SUSN: Simple Uniform Semantic Notation

SUSN (Simple Uniform Semantic Notation) is a weird little project I’ve been working on for a while. It started out as a way to scratch a very personal itch: how to create a personal knowledge base / Mind Map / semantic map, using plain text. Each line of the text file would be a single “assertion”, in a format inspired by RDF, but not particularly limited by the “graph” mindset. After building out my text file, I would then be able to query it in various ways using Javascript or any other small language (potentially including Lua, Retro Forth, UXN or other tiny systems).

A large part of the motivation for doing this myself, from scratch, is my failure to find any notetaking software that works the way I think (including multiple Wikis, and Markdown-based zettelkasten tools). That and that I want to be able to take notes on both notepads and mobile devices, yet without using a cloud app.

The name is a play on JSON; it’s not really at all JSON-like, but it was inspired by JSON objects originally, and does run over JSON arrays (or any other data model that provides arrays or lists).

SUSN makes some very unusual design choices that have been informed by the very specific use case of hand-editing plain text in an ordinary text editor, aiming for personal knowledge graph markup, and being line-based. But I like what it has become so far. It fits a niche I haven’t found anywhere else, somewhere between JSON, RDF, XML and Markdown. I’m using it currently in a database / mind-mapping project, and hammering on it to try to make it the best version of itself that it can be.
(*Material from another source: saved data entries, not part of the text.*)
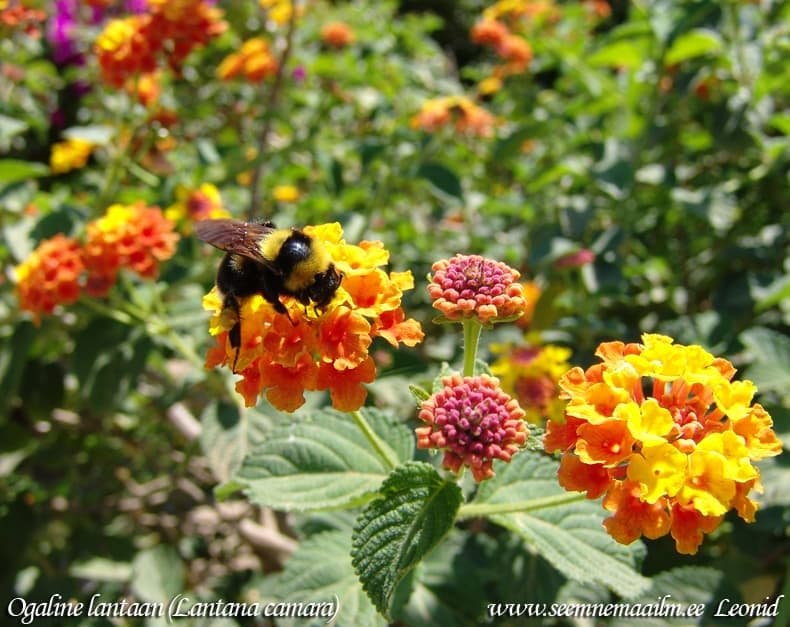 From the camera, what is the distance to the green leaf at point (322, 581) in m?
1.08

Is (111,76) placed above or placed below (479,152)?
above

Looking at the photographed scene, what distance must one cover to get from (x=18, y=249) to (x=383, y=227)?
118 cm

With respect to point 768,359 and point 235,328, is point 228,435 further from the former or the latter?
point 768,359

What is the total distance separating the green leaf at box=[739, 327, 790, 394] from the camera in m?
1.37

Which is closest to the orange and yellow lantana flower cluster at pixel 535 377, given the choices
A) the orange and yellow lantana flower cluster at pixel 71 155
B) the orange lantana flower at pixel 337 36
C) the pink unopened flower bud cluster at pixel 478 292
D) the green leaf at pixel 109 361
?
the pink unopened flower bud cluster at pixel 478 292

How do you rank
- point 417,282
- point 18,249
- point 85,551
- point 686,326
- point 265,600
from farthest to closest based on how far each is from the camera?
1. point 417,282
2. point 85,551
3. point 18,249
4. point 686,326
5. point 265,600

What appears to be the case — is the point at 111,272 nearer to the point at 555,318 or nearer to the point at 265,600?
the point at 265,600

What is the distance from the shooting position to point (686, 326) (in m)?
1.63

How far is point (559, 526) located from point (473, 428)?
320 millimetres

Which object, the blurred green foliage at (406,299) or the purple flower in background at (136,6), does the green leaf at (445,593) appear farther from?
the purple flower in background at (136,6)

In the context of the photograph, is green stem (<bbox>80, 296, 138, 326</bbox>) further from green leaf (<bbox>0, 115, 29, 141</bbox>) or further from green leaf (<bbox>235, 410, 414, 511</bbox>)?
green leaf (<bbox>235, 410, 414, 511</bbox>)

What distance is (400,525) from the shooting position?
84 cm

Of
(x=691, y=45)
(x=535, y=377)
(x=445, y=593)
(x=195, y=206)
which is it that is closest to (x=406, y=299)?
(x=535, y=377)

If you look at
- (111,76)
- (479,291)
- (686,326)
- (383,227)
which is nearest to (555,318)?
(686,326) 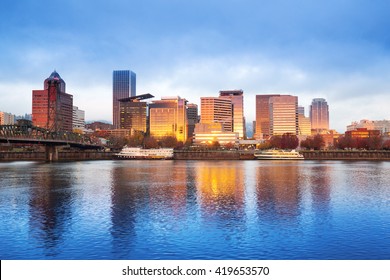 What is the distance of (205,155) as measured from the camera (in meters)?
176

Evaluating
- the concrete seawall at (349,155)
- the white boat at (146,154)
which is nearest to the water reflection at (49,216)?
the white boat at (146,154)

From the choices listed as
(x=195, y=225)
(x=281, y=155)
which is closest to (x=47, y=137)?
(x=281, y=155)

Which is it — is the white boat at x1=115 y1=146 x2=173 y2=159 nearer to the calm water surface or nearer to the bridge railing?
the bridge railing

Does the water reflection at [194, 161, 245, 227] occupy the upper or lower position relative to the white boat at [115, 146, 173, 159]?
lower

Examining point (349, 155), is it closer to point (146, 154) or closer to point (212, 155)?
point (212, 155)

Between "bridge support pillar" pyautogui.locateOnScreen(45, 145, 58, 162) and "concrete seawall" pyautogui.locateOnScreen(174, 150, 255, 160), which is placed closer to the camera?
"bridge support pillar" pyautogui.locateOnScreen(45, 145, 58, 162)

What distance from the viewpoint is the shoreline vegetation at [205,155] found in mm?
158250

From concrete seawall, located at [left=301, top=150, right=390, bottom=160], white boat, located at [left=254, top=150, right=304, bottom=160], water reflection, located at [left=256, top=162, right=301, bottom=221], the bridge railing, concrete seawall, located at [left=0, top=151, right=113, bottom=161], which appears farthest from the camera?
concrete seawall, located at [left=301, top=150, right=390, bottom=160]

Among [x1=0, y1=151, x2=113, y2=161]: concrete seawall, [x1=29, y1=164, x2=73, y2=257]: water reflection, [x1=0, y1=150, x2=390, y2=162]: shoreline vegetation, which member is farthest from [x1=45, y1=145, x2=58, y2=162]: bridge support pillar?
[x1=29, y1=164, x2=73, y2=257]: water reflection

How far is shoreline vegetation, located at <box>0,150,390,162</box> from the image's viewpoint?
158250mm

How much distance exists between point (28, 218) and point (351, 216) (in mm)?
23315

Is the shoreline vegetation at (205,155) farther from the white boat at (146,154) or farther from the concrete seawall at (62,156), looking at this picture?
the white boat at (146,154) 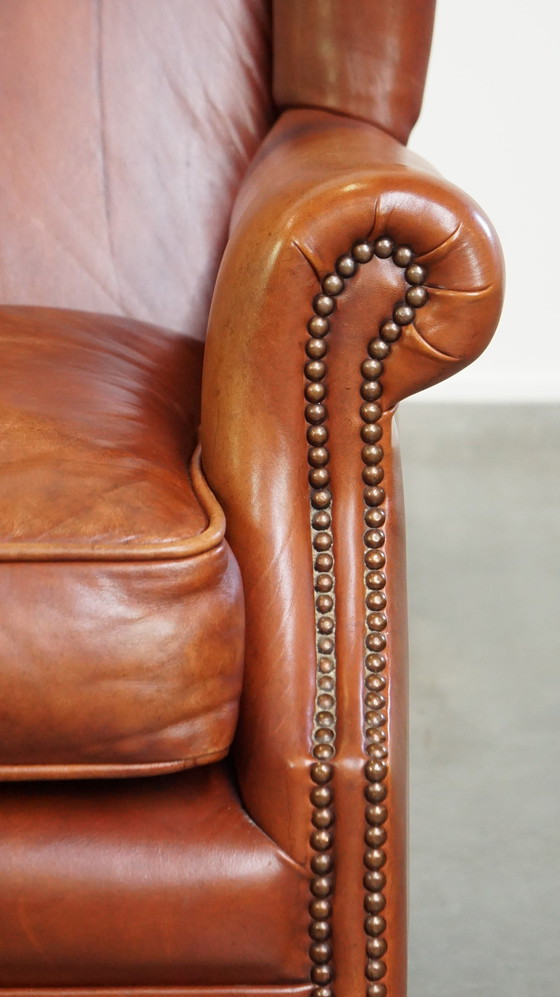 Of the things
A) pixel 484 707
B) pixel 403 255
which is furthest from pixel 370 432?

SUSN currently exists as a very small Node.js script that can parse, write, and query arrays of SUSN lines. (For simplicity, I have chosen not to even deal with the Linux LF vs Windows CR/LF holy war, and leave breaking/joining lines up to the user).

Gitlab is here:

3 Likes

I really like this. Also thinking that in blocks you may have markdown support by default to help with rendering texts nicely.

Interesting! I love experiments with textual human-computer interfaces. There is so much useful low-tech left to be discovered.

So here’s an interesting thing. SUSN appears to be almost the same as a concept by Steven Obua: “Recursive Text” (RX).

https://practal.com/recursivetext/

Recursive teXt (RX) is a new general-purpose text format.

It has a simple semantics:

RX = Block+
Block = Line (Line | Block)*
Line = Character*

In other words:

  • An RX document is a non-empty sequence of blocks.
  • A block starts with a line, followed by a sequence of lines and blocks.
  • A line is just a sequence of characters.

An RX document is saved as a plain text file, usually with the suffix .rx.

In plain text, the semantics of RX is encoded via indentation.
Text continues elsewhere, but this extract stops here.